14.1 One numerical explanatory variable

Let’s say you want to explore what correlates with economic mobility for children of poor parents (those at percentile 25 of the parental income distribution). To try to keep things simple, you want to understand if neighborhoods that have more jobs, tend to provide more or less economic mobility for this population. We will try to keep things simple for now and explain the differences in mobility with the average job growth rate between 2004 and 2013 (a rough measurement of how much jobs grow in that area) correlates with economic mobility for children from poor parents

We’ll achieve ways to address these questions by modeling the relationship between these two variables with a particular kind of linear regression called simple linear regression. Simple linear regression is the most basic form of linear regression. With it we have

A numerical outcome variable $y$. In this case, economic mobility for children of parents in the percentile 25.
A single numerical explanatory variable $x$. In this case, the average annual job growth rate between 2004 and 2013 for that neighborhood.

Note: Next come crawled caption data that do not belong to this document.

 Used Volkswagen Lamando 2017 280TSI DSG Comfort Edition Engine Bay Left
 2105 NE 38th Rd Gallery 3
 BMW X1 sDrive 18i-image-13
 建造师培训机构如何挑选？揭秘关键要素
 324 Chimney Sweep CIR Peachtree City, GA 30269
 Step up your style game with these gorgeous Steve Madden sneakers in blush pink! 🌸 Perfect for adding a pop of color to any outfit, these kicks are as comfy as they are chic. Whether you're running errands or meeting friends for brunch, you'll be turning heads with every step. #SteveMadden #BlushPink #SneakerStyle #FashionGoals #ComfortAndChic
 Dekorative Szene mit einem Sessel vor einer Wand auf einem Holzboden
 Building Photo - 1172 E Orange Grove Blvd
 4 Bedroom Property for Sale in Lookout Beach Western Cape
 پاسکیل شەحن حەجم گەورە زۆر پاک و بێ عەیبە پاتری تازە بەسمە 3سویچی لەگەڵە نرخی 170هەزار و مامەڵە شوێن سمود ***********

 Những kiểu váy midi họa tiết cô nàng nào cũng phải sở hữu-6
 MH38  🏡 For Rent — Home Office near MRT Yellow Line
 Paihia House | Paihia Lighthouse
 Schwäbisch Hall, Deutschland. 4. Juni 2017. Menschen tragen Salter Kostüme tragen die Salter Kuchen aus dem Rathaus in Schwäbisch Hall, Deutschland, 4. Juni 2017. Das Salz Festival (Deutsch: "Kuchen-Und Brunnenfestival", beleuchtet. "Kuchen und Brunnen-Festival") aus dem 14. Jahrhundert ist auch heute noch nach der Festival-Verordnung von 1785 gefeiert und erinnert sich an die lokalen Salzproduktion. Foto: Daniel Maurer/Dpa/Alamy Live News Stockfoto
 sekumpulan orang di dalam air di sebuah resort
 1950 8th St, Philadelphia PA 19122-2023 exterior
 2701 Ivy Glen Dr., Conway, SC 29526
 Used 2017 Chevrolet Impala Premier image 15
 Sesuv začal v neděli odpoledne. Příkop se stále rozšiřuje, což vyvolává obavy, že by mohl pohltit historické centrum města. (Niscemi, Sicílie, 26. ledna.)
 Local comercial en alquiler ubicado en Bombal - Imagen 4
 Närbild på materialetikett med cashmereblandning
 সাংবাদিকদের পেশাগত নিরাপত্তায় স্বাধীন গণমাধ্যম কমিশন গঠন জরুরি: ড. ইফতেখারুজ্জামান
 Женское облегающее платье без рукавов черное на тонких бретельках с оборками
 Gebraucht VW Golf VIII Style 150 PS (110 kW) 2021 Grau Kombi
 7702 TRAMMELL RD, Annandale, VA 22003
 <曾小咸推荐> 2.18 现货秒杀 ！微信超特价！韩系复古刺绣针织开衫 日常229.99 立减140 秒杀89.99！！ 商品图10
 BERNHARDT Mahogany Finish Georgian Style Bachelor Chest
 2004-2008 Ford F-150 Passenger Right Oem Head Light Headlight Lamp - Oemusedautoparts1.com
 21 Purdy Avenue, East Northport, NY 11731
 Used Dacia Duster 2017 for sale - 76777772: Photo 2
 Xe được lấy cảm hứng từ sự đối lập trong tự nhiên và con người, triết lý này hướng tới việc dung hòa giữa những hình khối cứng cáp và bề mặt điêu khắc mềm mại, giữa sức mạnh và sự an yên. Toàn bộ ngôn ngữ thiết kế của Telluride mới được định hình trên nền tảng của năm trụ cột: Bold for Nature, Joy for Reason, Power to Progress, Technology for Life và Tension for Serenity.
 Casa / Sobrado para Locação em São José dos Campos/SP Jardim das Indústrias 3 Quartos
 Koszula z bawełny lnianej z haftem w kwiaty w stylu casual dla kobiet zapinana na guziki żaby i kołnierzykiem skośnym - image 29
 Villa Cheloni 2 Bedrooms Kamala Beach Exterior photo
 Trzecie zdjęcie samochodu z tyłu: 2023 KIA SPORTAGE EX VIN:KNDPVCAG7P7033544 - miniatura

14.1.1 Exploratory data analysis

A crucial step before doing any kind of modeling or analysis is performing an exploratory data analysis, or EDA, of all our data. Exploratory data analysis can give you a sense of the distribution of the data and whether there are outliers and/or missing values. Most importantly, it can inform how to build your model. There are many approaches to exploratory data analysis; here are three:

Most fundamentally: just looking at the raw values, in a spreadsheet for example. While this may seem trivial, many people ignore this crucial step!
Computing summary statistics like means, medians, and standard deviations.
Creating data visualizations.

Let’s load the atlas data, select only a subset of the variables (including the ‘names’, which are the codes of tract, country and state), and look at the raw values. Recall you can look at the raw values by running View() in the console in RStudio to pop-up the spreadsheet viewer with the data frame of interest as the argument to View(). Here, however, we present only a snapshot of five randomly chosen rows:

atlas_mob_jobs <- atlas %>%
  select(tract, county, state, kfr_pooled_p25, ann_avg_job_growth_2004_2013)

atlas_mob_jobs %>% 
  sample_n(5)

Table 14.1: Random sample of 5 neighborhoods
tract	county	state	kfr_pooled_p25	ann_avg_job_growth_2004_2013
90200	61	37	28016	0.020
602004	37	6	30825	0.000
16000	13	34	48741	0.030
40101	5	44	35800	-0.024
211400	79	42	34588	0.013

You can see the full description of each variable in the Section on Data Description for Project 1 and the bulk of Lecture 1 on the Geography of Economic Mobility, but let’s summarize what each variable represents:

tract: FIPS code for the tract
country: FIPS code for the county
state: FIPS code for the state
kfr_pooled_p25: Numerical variable of the average income that children that grew up in that neighborhood from parents in the percentile 25th receive when adults.
ann_avg_job_growth_2004_2013: Numerical variable of average job growth between 2004 and 2013. Notice that the numbers on job growth need to be multiplied by 100 to get percentages. That is, 0 is 0\%, while 1 would be 100\%.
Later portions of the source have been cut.